(Caption-style text data)
§

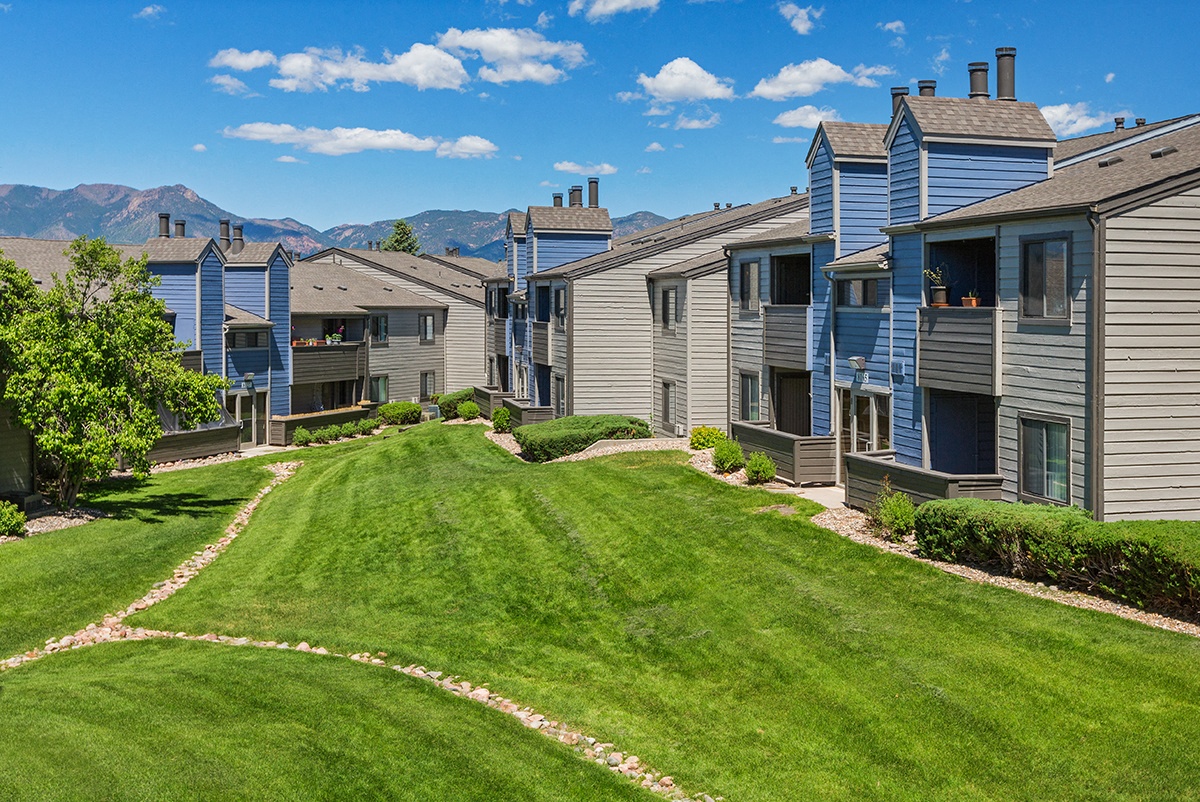The Parc At Briargate Apartments, 8175 Summerset Dr, Colorado Springs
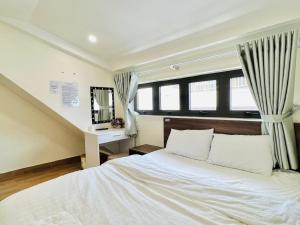 Letto o letti in una camera di Hotel Duy Dũng - Đà Lạt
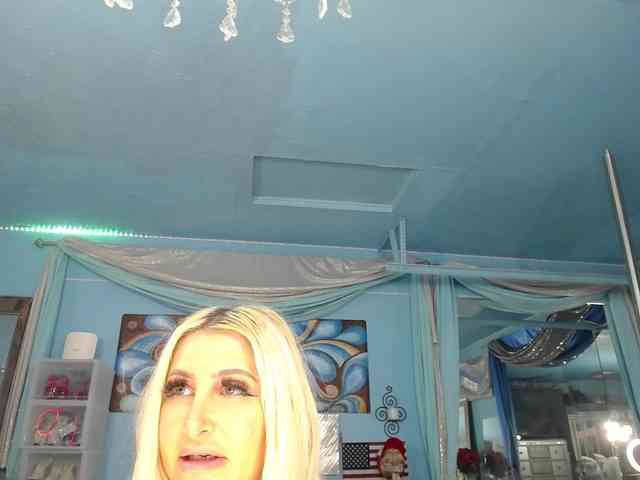 adrianna_fox webcam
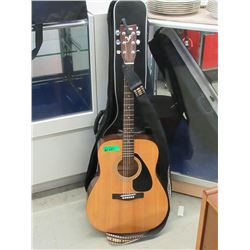 Yamaha Acoustic Guitar with Soft Case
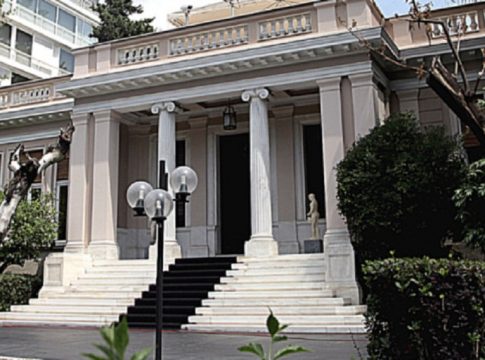 Εκλογές: Γιατί αποφάσισε να «παγώσει» τα σενάρια ο Κυριάκος Μητσοτάκης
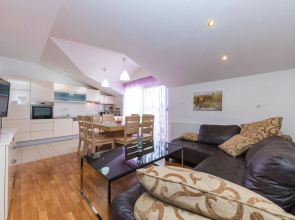 Beautiful Apartment in Trogir With 3 Bedrooms and Wifi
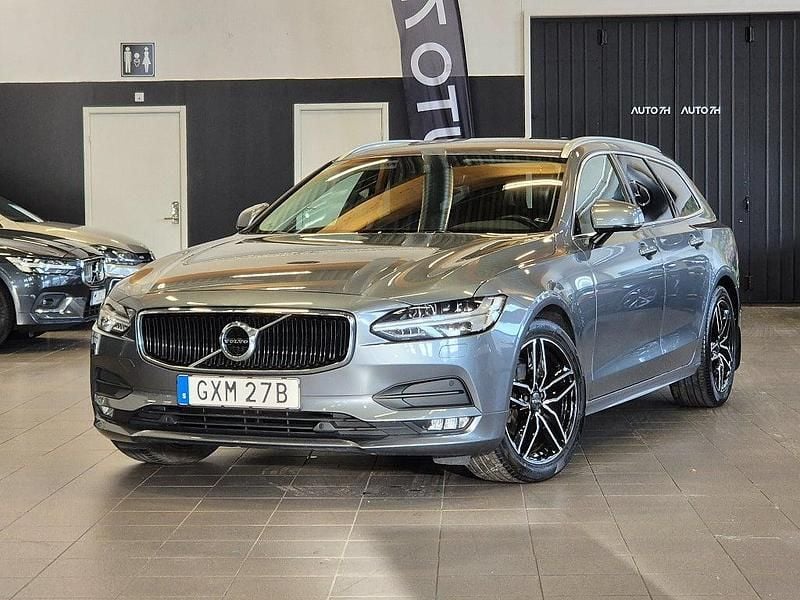 Grå metallic Begagnad 2019 Volvo V90 Momentum Kombi | 259 900 kr (Marknadspris) - Bild 1/4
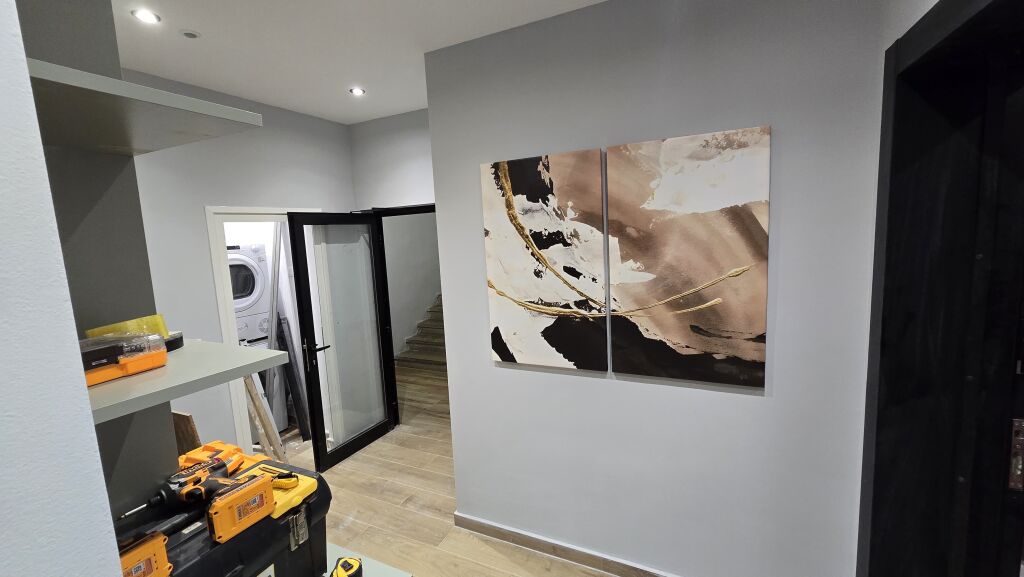 3 Studios+Laundry,Mine Peza!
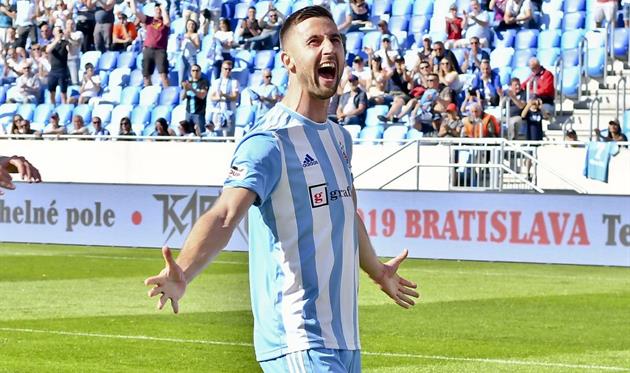 Андраш Шпорар стал автором победного мяча, фото ФК Слован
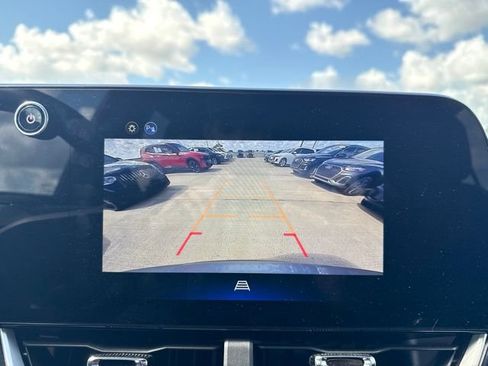 Used 2026 Chevrolet Equinox LT FWD image 22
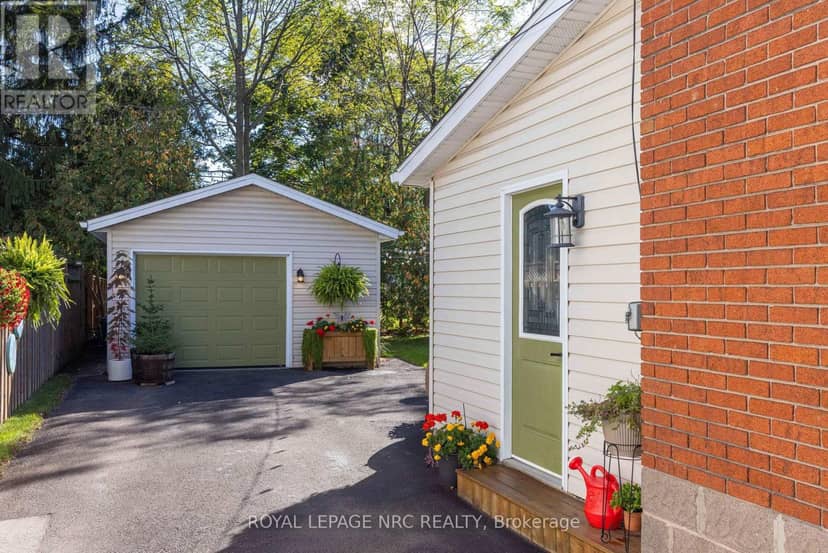 6496 Caswell Street, Niagara Falls, photo 2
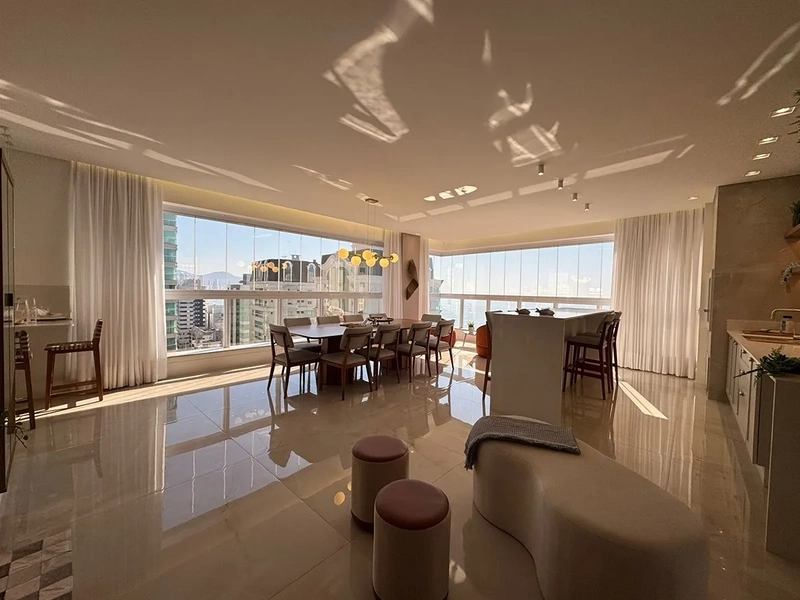 4 suítes 3 vagas - Mobiliado e decorado com vista mar.: 9ª foto da galeria de imagens do imóvel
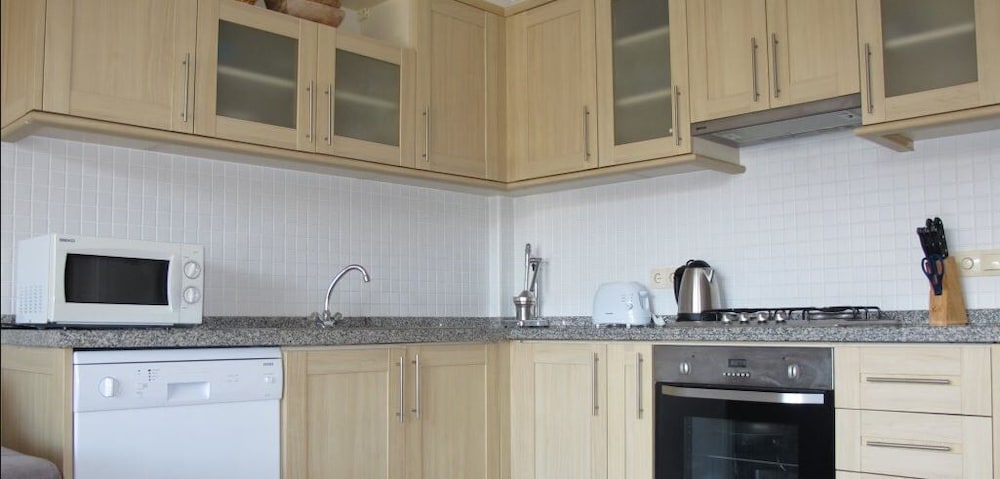 Villa AQ14 by JoyLettings view 3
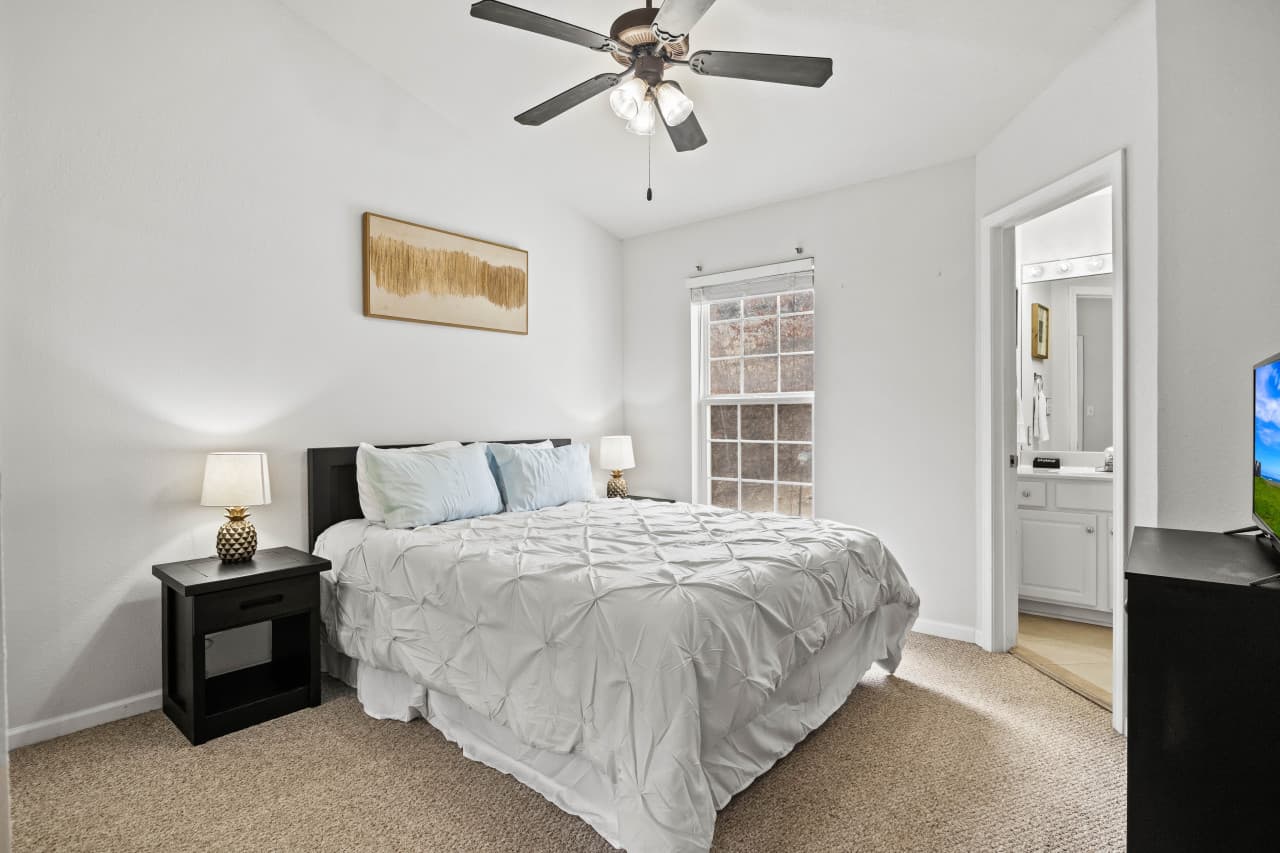 13-40 Lighthouse Rd_13.jpg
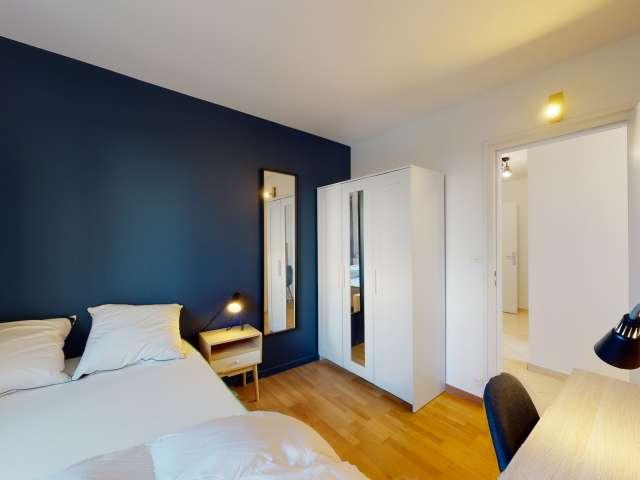 Chambre à louer dans un appartement partagé de 10 chambres à Paris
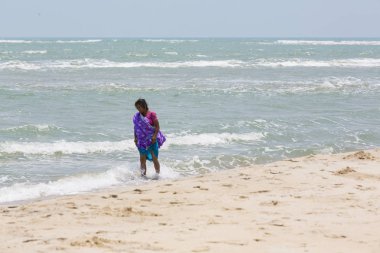 Belgesel yayın. Yaklaşık, Danushkodi, Pamban Adası, Tamil Nadu, Hindistan - 2018 Mart. Kimliği belirsiz genç kadın kız çift güzel güneşli sabah Danushkodi kumsalda bir yürüyüşe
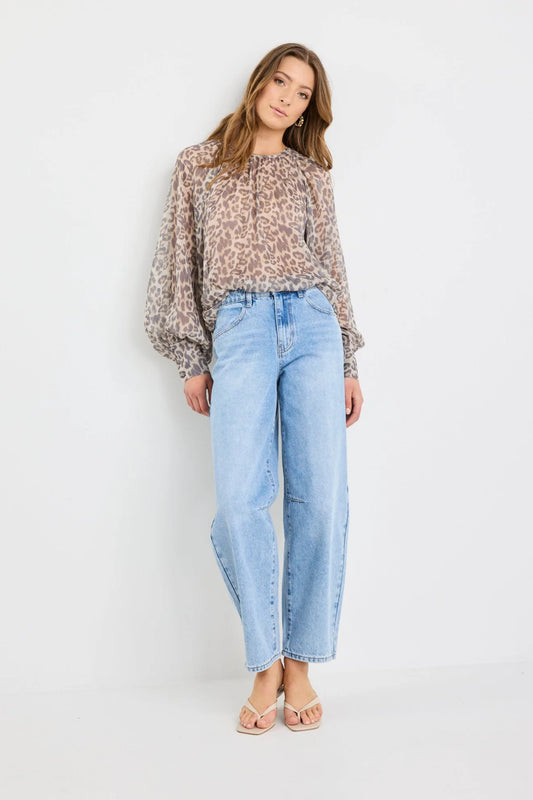 STORIES BE TOLD COSMOPOLITAN L/S TOP - LEOPARD PRINT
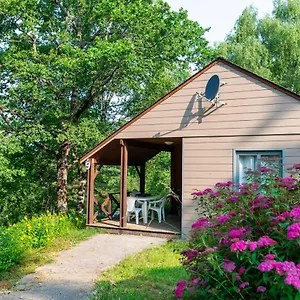 https://camping-de-la-vernhe.midi-pyreneeshotels.com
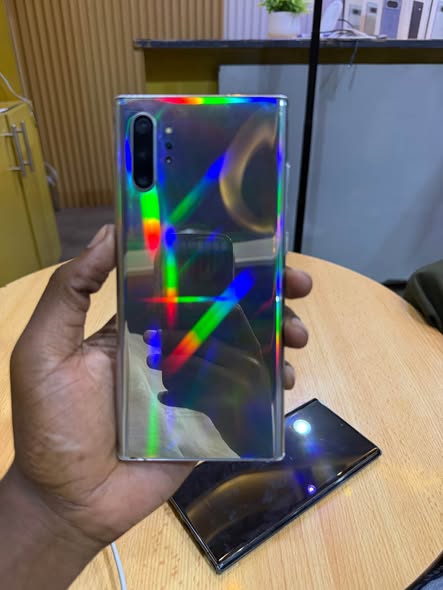 A picture of Note 10 plus
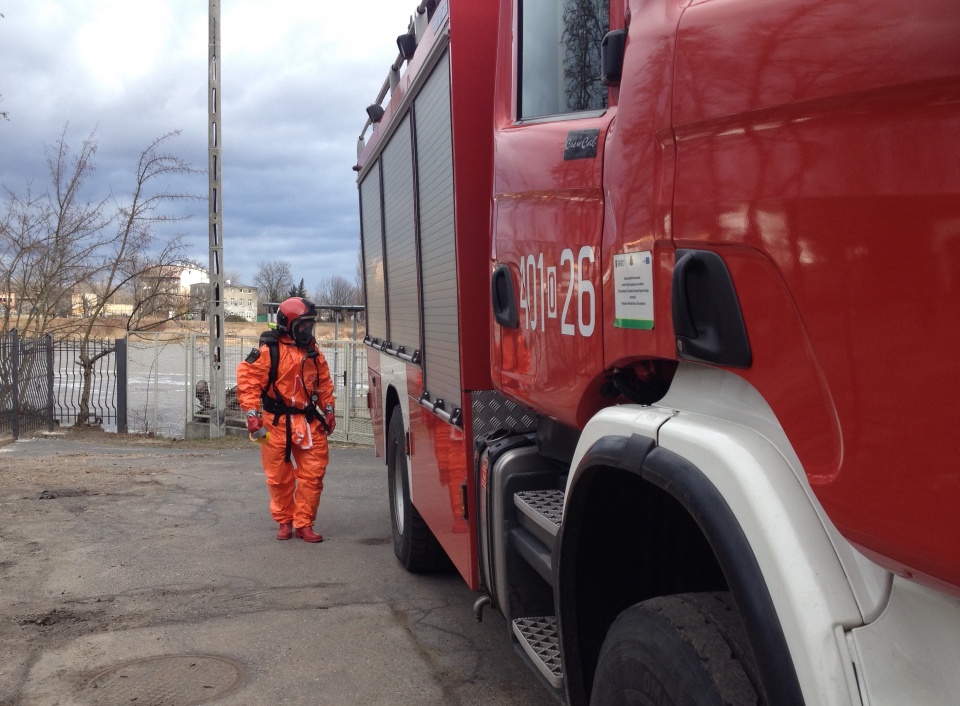 Strażacy zabezpieczyli dziś wyciek z trzech pojemników z chemikaliami [fot. Maciej Stępień]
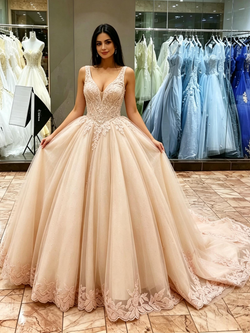 Champagne V-neck Appliques Quinceanera Dress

§

*Problem details*. Pictures are to be left out while the lines from the beginning of the records through the line with "Εκλογές: Γιατί αποφάσισε" are copied word for word.

*Result for this task*.
The Parc At Briargate Apartments, 8175 Summerset Dr, Colorado Springs
 Letto o letti in una camera di Hotel Duy Dũng - Đà Lạt
 adrianna_fox webcam
 Yamaha Acoustic Guitar with Soft Case
 Εκλογές: Γιατί αποφάσισε να «παγώσει» τα σενάρια ο Κυριάκος Μητσοτάκης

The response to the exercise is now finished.